Dark Water (Blu-ray)


Picture: B     Sound: B     Extras: C-     Film: D



It is one thing that we are in an Asian Doppelganger Horror cycle, but the U.S. remakes have often been more embarrassing.  That has included two films each (so far?) based on The Grudge and The Ring, the latter of which is authored by the same writer that has made Walter Salles’ Dark Water (2005) possible.  As to whether the original Japanese film was good or not is for a later review, but despite a sometimes promising screenplay by Rafael Yglesias, the film eventually does not add up and quickly falls apart.


Jennifer Connelly is a now single parent who is doing her best to take care of her daughter (Ariel Gade) and finds a new place in an apartment building that is not great or a total tenement slum either.  Unfortunately, it seems there was a murder in the building and the whole place is haunted; maybe even specifically her new place.  Though it could have been at least interesting, the film goes astray by the middle act and never recovers.  It even has a solid cast in John C. Reilly, Tim Roth, Dougray Scott, Pete Postlewaite (just wasted in the even worse Omen remake) and Camryn Manheim, but it gets muddled and al you will think when this is over is how much better Stanley Kubrick’s The Shining was.  Points to Connelly for using enough makeup to downplay her beauty.

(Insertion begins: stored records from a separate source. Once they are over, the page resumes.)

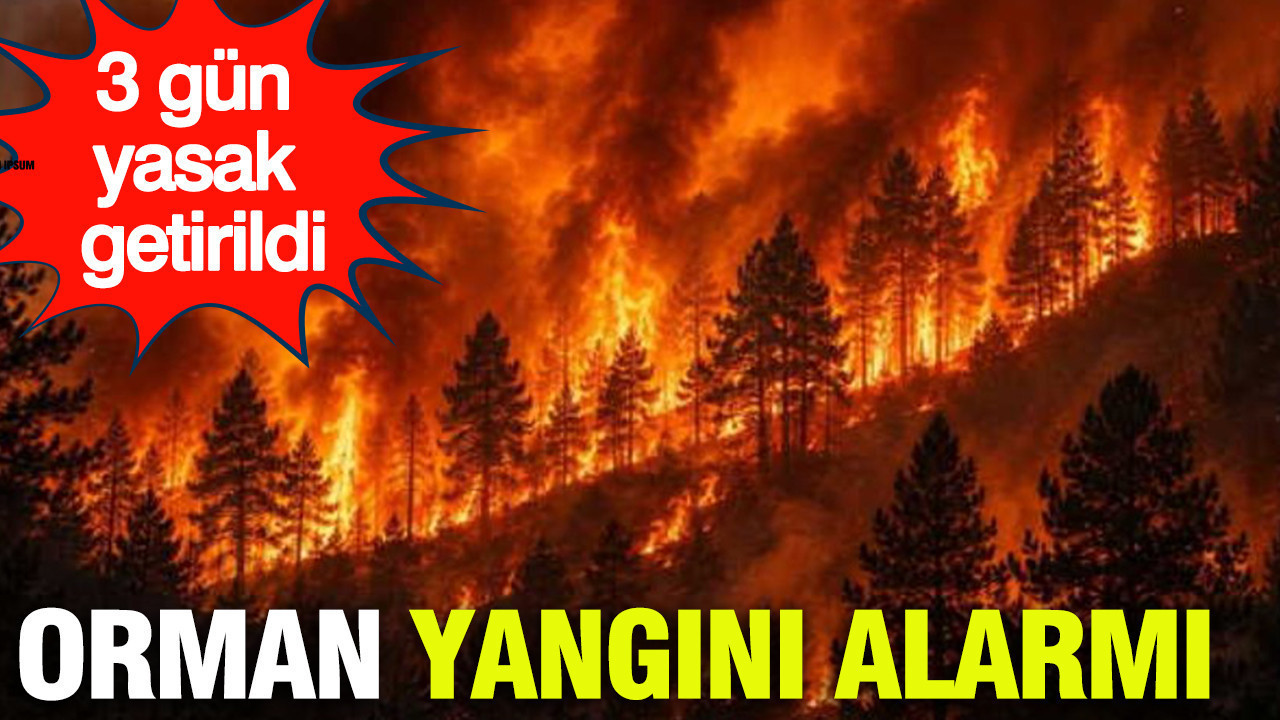 Çanakkale’de orman yangını alarmı: 3 gün yasak getirildi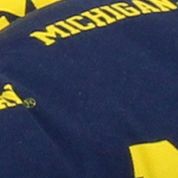 NCAA Michigan Wolverines D Cushion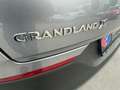 Opel Grandland X Grandland X 1,2 Turbo Direct Injection RückCam Silber - thumbnail 10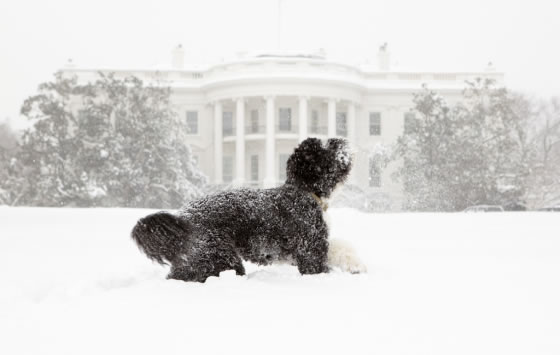 Source: White House 2012_02_bo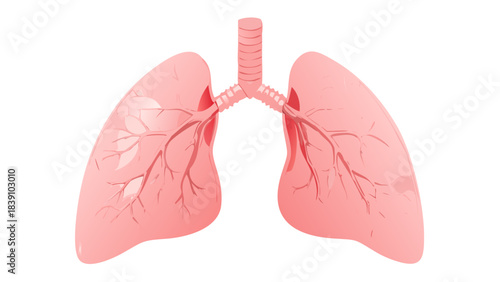 Human lungs anatomy vector illustration isolated on light background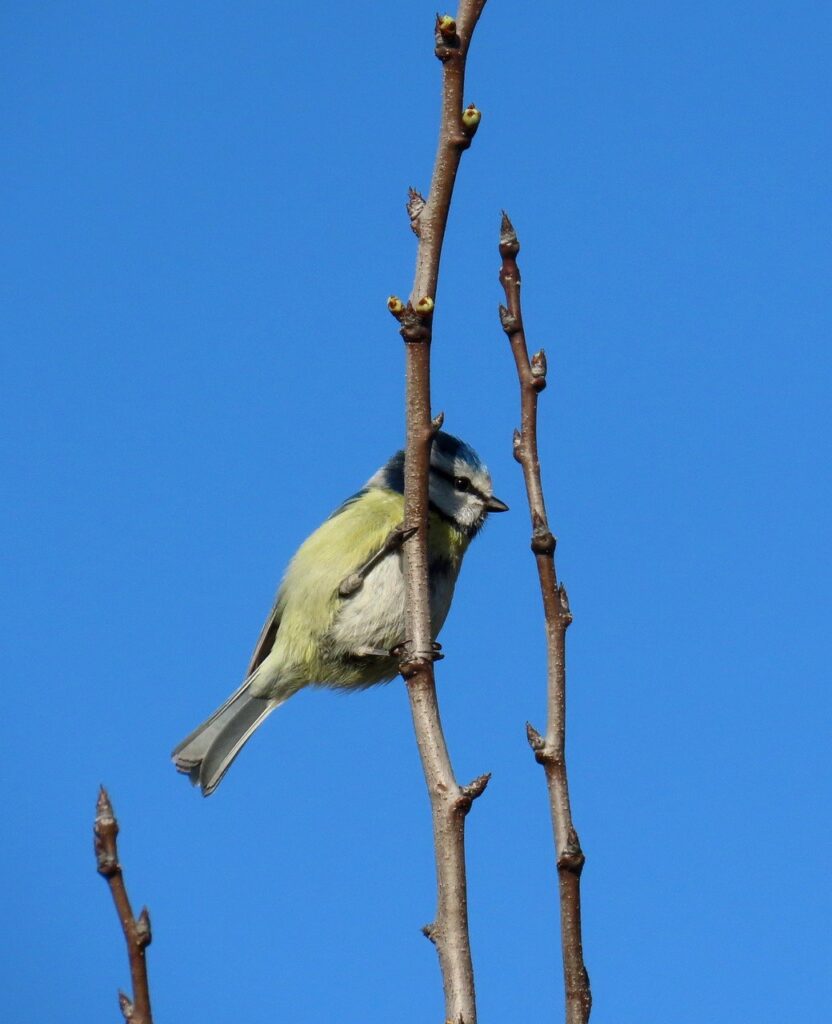 blue tit, tit, bird-7904356.jpg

The 1080p 2.35 X 1 image was purposely made to look a shade dark throughout by digital internegative means and camerawork by Cinematographer Affonso Beato, A.S.C., A.B.C., yet nothing is memorable about the images, they are never that engaging and all involved should have taken basic lessons in Alfred Hitchcock films despite the fact that nothing Hitch ever did was explicitly supernatural.  The lack of suspense and boredom extends to the PCM 5.1 16bit/48kHz mix, which though better than the standard Dolby Digital 5.1 mix, is flat and too impressed with itself.  The PCM is rich and full, with some punchy moments for the moments that are supposed to be scary, but even music by the effective Angelo Badalamenti cannot save this disappointment.


Extras include a Blu-ray-only way to access certain key scenes, two deleted scenes and an analysis of two other scenes that are a little interesting and in part because they are brief.  The film runs 105 minutes and feels longer.  Unless you love Miss Connelly, you can skip this one.